The Historical Injustice of Comparing Trump to Kings

Yesterday, I came across an article by Stephen Collinson, published on CNN Portugal, titled "Trump has been on the rise for a long time. But that may be changing." The headline stated: "Trump is succeeding, but he's increasingly looking like a king. And we all know what the US has done to kings."
The initial emphasis, in addition to being inaccurate, reveals a double error: it starts from a distorted view of history and resorts to an unfair association between the royal figure and the idea of authoritarianism.
The expression "looks like kings" is used as a derogatory metaphor, assuming that every monarch is, by nature, an arbitrary ruler.

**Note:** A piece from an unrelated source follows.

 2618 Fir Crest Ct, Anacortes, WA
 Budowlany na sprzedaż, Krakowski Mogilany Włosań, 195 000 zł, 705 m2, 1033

This interpretation ignores the fact that, at various historical moments, the monarchy has been subject to strict legal and institutional limits.
With Great Britain as the colonizing power of the future United States, the Magna Carta of 1215 had already established fundamental principles limiting royal power, guaranteeing rights and liberties to subjects and affirming that the King was subject to the law. Centuries later, the Glorious Revolution of 1688 consolidated a model of constitutional monarchy that endures to this day as an example of stability and liberty, establishing the supremacy of Parliament over the monarch through the Bill of Rights of 1689 , which reinforced fundamental guarantees and established a lasting balance between royal power and representative institutions—foundations that continued to develop through other constitutional and parliamentary frameworks, demonstrating that the figure of the monarch is not synonymous with absolute power.
In Portugal, similarly, from the Cortes of Coimbra in 1211 until the Constitution of 1826, the King was bound by solemn oaths and fundamental laws that protected the rights of his subjects. Today, countries like Norway, Sweden, Spain, the Netherlands, and the United Kingdom itself, all constitutional monarchies, rank among the most democratic and prosperous nations in the world.
Regarding the independence of the United States, it's worth clarifying: the American Revolution was not fought against the monarchical institution itself, but against the particular way in which King George III and the British Parliament administered the colonies. The colonists complained of having no political representation and of being subject to laws and taxes imposed from outside, without their consent. The famous slogan "no taxation without representation" expressed this demand for participation, not a generalized repudiation of the monarchy as a system of government.
It's also important to note that the presidential model created by the Americans, by concentrating both the head of state and the head of government in the same person, grants the president executive powers that a modern constitutional monarch does not hold. The sovereign in a parliamentary monarchy does not govern, does not legislate, and does not act as a party leader, but rather as an arbiter and symbol of national unity.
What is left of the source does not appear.